I don't particularly like weak-ish Copenhagen, let's just say I find it the least distasteful of QI, and of course it is very weak, very general, like that most general of equations, Wheeler-DeWitt: H(phi) = 0 = the wavefunction of the Universe times the Hamiltonian (energy) of same = 0.
There's politics in everything I'm afraid. MWI was most likely an attempt by John Archibald Wheeler to show that Richard Feynman wasn't his only great charge, so he helped Hugh Everett III pursue his crazy idea. I'm sure MWI is mathematically tight, but Math isn't Physics.
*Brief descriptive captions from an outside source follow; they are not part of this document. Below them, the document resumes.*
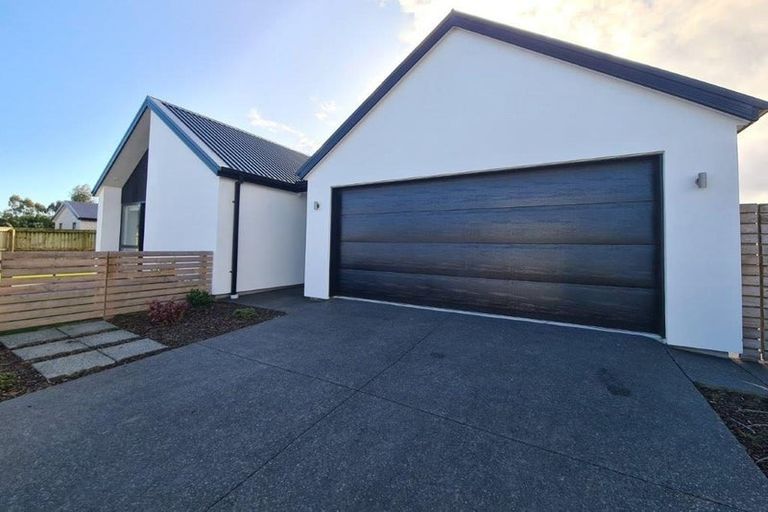 Photo of property in 4 Oscar Lane, Rolleston, 7615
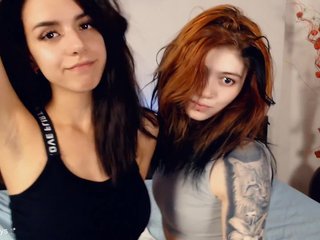 Фотографии EditaSara welcome to Sara and Polly #russia#yong#girls#lesbian#lesbi#lovense#naked#suck#lick#pussy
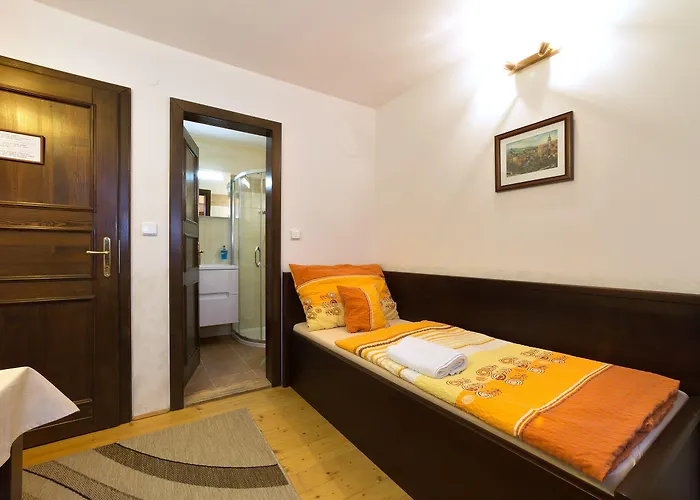 Zamecke Schody Гостевой дом 3*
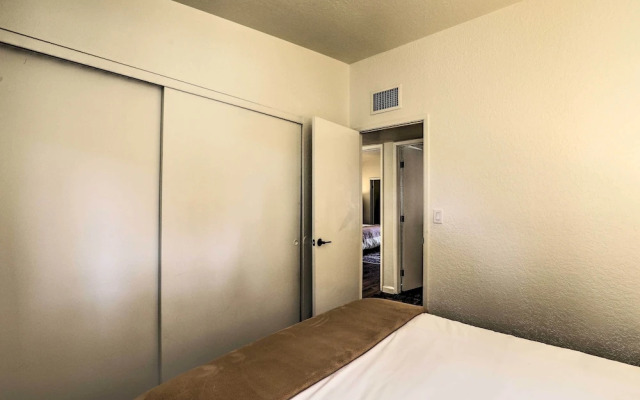 Tucson Foothills Oasis Near Hiking Trails!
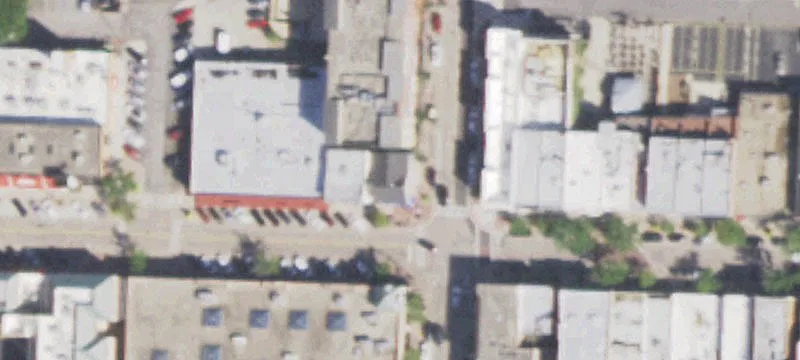 Corner Retail Storefront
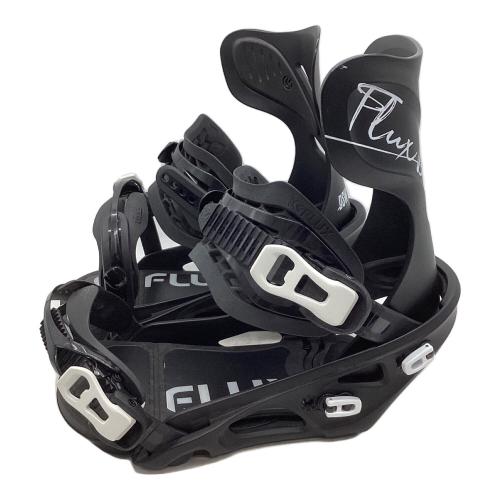 FLUX (フラックス) DSW ビンディング 19-20 @ SIZE M ブラック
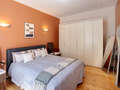 appartamento München Glockenbachviertel 02 camera da letto 14967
My own view about Decoherence is yes it exists, but only up to a point. Literally, a point, a quanta, after which that event which disturbed the Universe may not, for all intents and purposes, have occurred at all from the point of view of everything beyond that.
Again from this Engineer's perspective and possibly wrong (which implies possibly right), Zero is the real deal but Infinity is just a concept. The wavefunction is continuous and is a nice approximation of reality, but reality gives only the illusion of continuity, and in fact we know we live in a discrete universe on the atomic and subatomic scales.
This is why I love Fourier Series and Analysis. On the smallest scales sine waves may become sawtooth waves, the excitations in the fields, the "particles."